Monday, September 4, 2017

Labor Day: Good and Evil.

I know a fellow Catholic who is very firm in his faith, but far more firm in the faith of his labor union. Around this time of year he likes to flood social media with memes like this:

Sponsored by the United American Unfireable
Government Workers Who Retire at 50

Well, it turns out that the history of child labor laws is a good deal more complicated than his union would like us to think, and it had more to do with social welfare organizations than with the bonhomie or labor unions. England's 1802 Health and Morals of Apprentices Act of 1802 was inspired by doctors seeing alarming outbreaks of "putrid fever" in 1784. The 1833 Factory Act was a result of public outcry and not unionized labor action, which had been outlawed until a short time earlier. Where trade unions fought child labor, it was because they didn't like the cheap competition of child workers.

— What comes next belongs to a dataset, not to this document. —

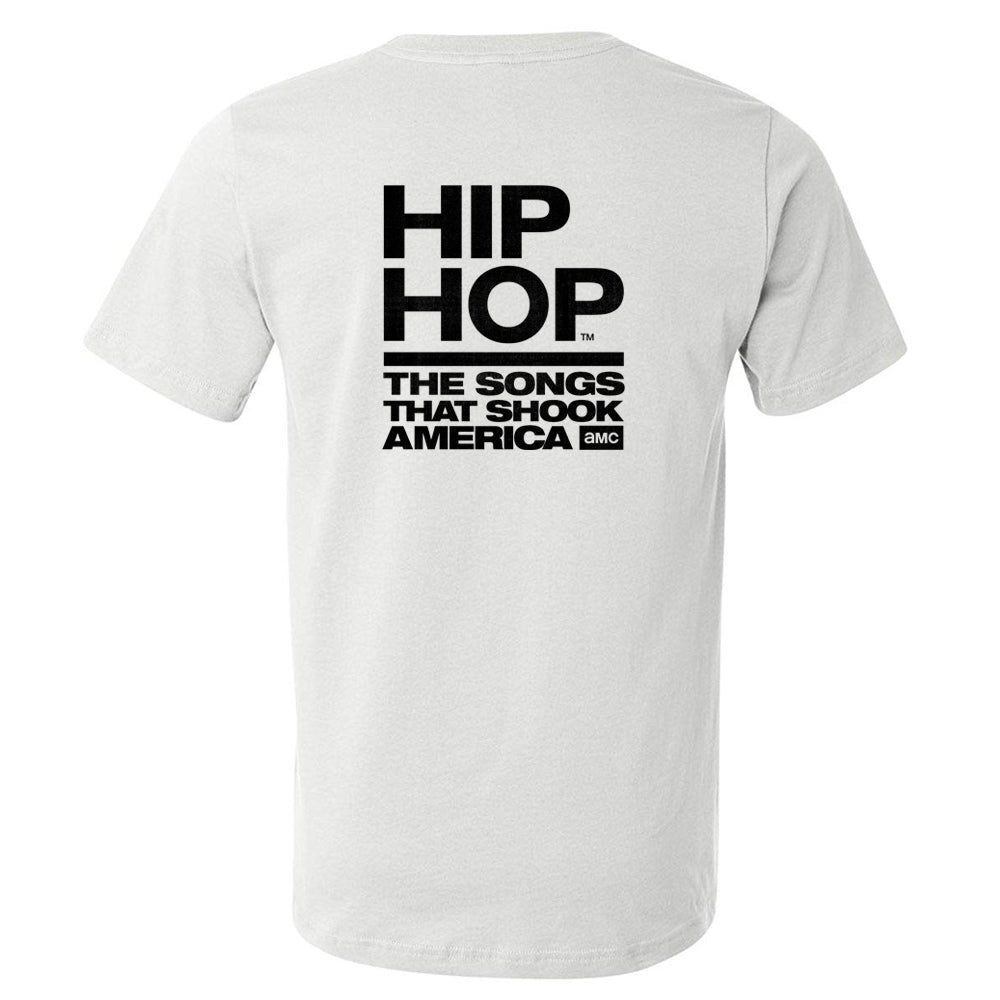 Hip Hop The Songs That Shook America Speakers T-Shirt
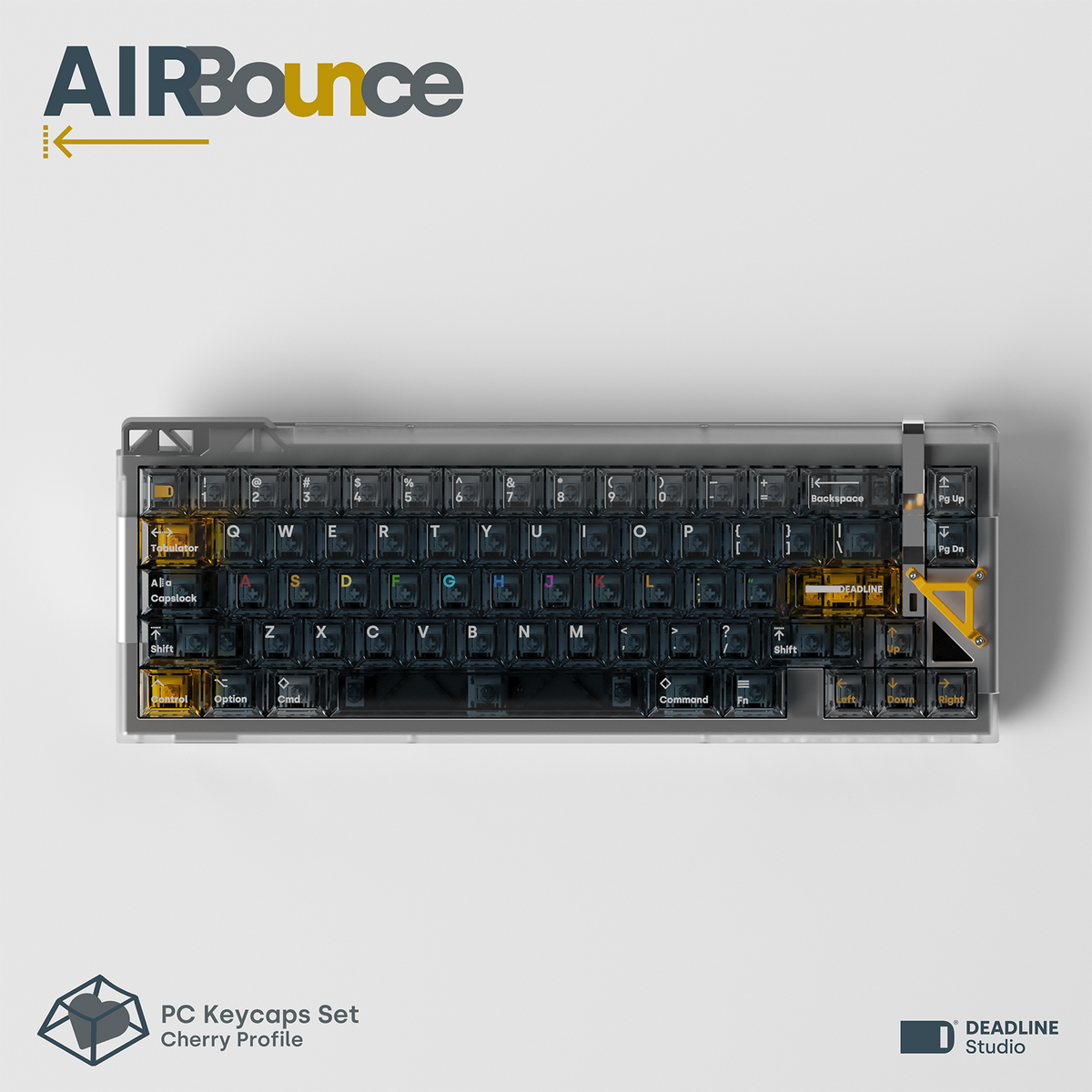 in stock】Deadline Air Bounce PC Keycaps – DEADLINE Studio™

Regardless of their motives, and despite their long history of ties to both international communism and organized crime, I'm not going to further impugn labor unions on this, their import and largely ignored holiday. I know that to many people like my friend, it's always 1911 and the Triangle Shirtwaist fire has just happened. When it comes to moral choices that cause his union and his church to be on opposite sides, he leans to the union side every single time.

But that is not my main point today, that being: memes are a stupid way to wage an argument, and probably the main reason we're seeing so much public idiocy and even violence. You have one image and five seconds to describe your opponent's intentions, so you have to make him look like the very devil himself. Propaganda posters have done this for generations, but thanks to the Internet they are everywhere. And as we know, when it comes to fighting evil, anything goes. On our streets today, anything does.

At some point, if we want to save our civilization, we're going to have to choose to engage with intelligence and civility. In other words, we're screwed.